Le 7 octobre 1571, dans le golfe de Patras, la flotte de la Sainte Ligue écrasa victorieusement l’orgueil ottoman, ralentissant l’expansion islamique en Méditerranée occidentale.
Une expansion qui ne s’est jamais arrêtée avec le « dialogue » entre la Croix et le Croissant, mais avec l’usage de la force militaire, le sacrifice de nombreuses vies humaines et la protection surnaturelle que la Reine des Victoires et Médiatrice de toutes les Grâces a déployée comme un manteau sur le Chrétienté menacé par l’Islam. Même aux portes de Vienne, le 12 septembre 1683 – c’est-à-dire seulement 112 ans après Lépante – le Turc a été vaincu par les armées catholiques, sous le patronage du Saint Nom de Marie. Redoutable et terrible comme une armée rangée en ordre de bataille : à la seule prononciation de ces paroles, nous avons un nœud dans la gorge, dû à l’émotion de contempler notre Auguste Reine à la tête des armées angéliques et terrestres. Elle était également apparue sous une forme similaire le 7 août 626, lorsque Constantinople fut assiégée par les Avars, les Slaves et les Perses sassanides et que le peuple chrétien rassemblé dans l’église de Blacherne invoqua Son intervention. Éblouissante de lumière et l’Enfant Jésus dans les bras, la Victorieuse Commandante – comme on l’appelle dans l’Hymne Acathiste – avait vaincu les ennemis, ce qui a valu à la Capitale de l’Empire le titre de « cité de Marie ».
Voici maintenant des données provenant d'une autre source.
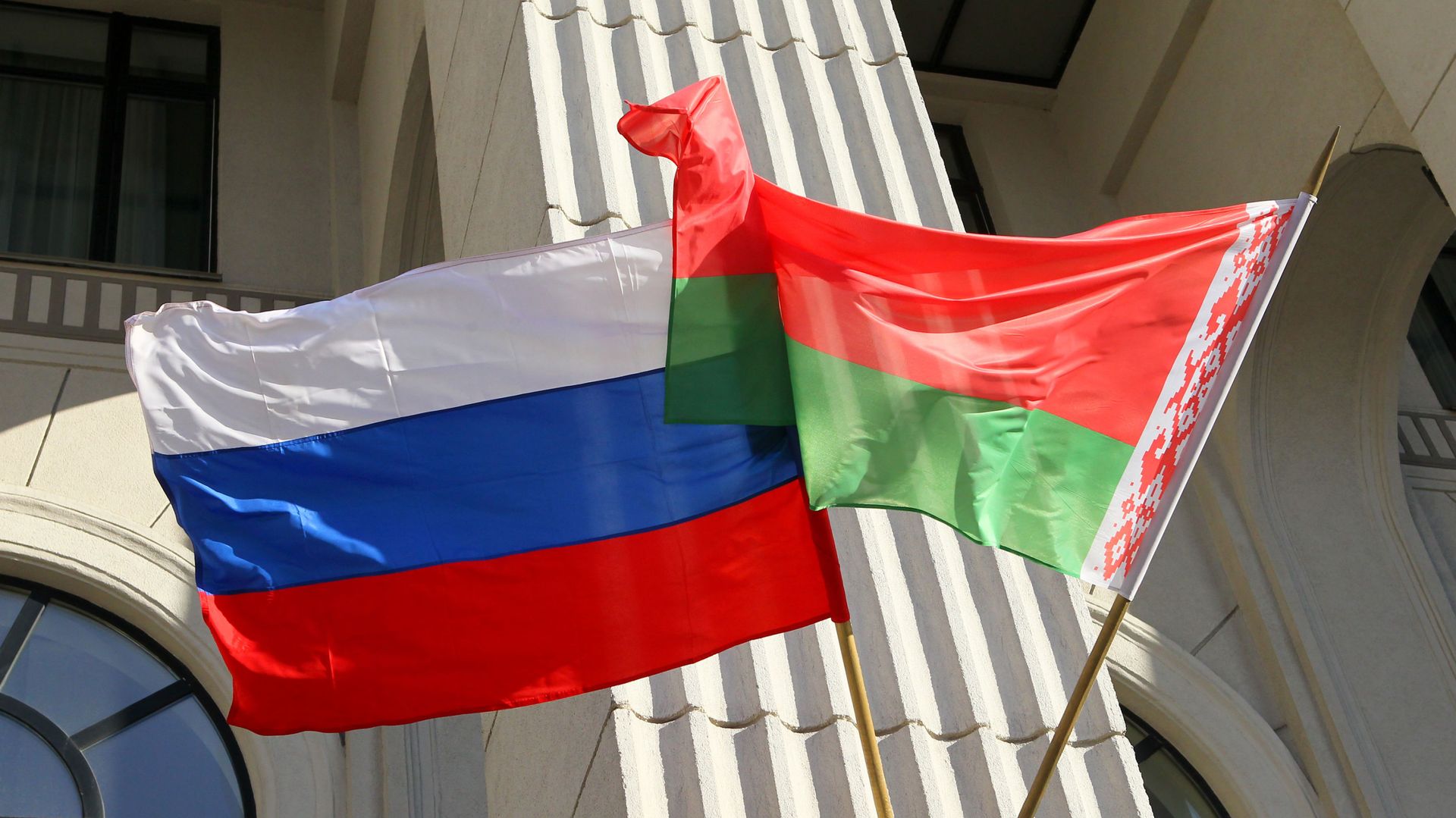 Государственные флаги России и Белоруссии на здании минской филармонии - РИА Новости, 1920, 18.12.2025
Mais si l’aide divine et l’intercession très puissante de la Mère de Dieu toujours Vierge ont mené à leur accomplissement d’une manière miraculeuse et certainement surnaturelle des victoires humainement difficiles, sinon impossibles, nous ne pouvons manquer de nous rappeler que ces interventions prodigieuses et providentielles, ces irruptions de la puissance du Deus Sabaoth dans les contingences humaines, ne sont rendues possibles que là où ce tout inaccessible et divin est précédé du néant de notre coopération dans l’œuvre de la Rédemption. En vertu de l’Incarnation de la Deuxième Personne de la Très Sainte Trinité, en effet, l’Homme-Dieu prend possession de l’humanité dont Il est constitué Seigneur et Roi en vertu de la divinité, par lignée et par droit de conquête. Mais cette union de la nature divine du Fils de Dieu avec la nature humaine de Jésus-Christ, réalisée par l’Union hypostatique, permet à chaque membre du Corps mystique de s’unir à la Passion du Christ Chef, complétant dans sa propre chair ce qui manque aux souffrances du Christ, pour le bien de son corps qui est l’Église (Col 1, 24). Et dans l’économie du salut, tout homme est appelé à contribuer activement à l’œuvre de la Rédemption, sans chercher d’alibi à sa propre paresse dans un fatalisme bien peu catholique.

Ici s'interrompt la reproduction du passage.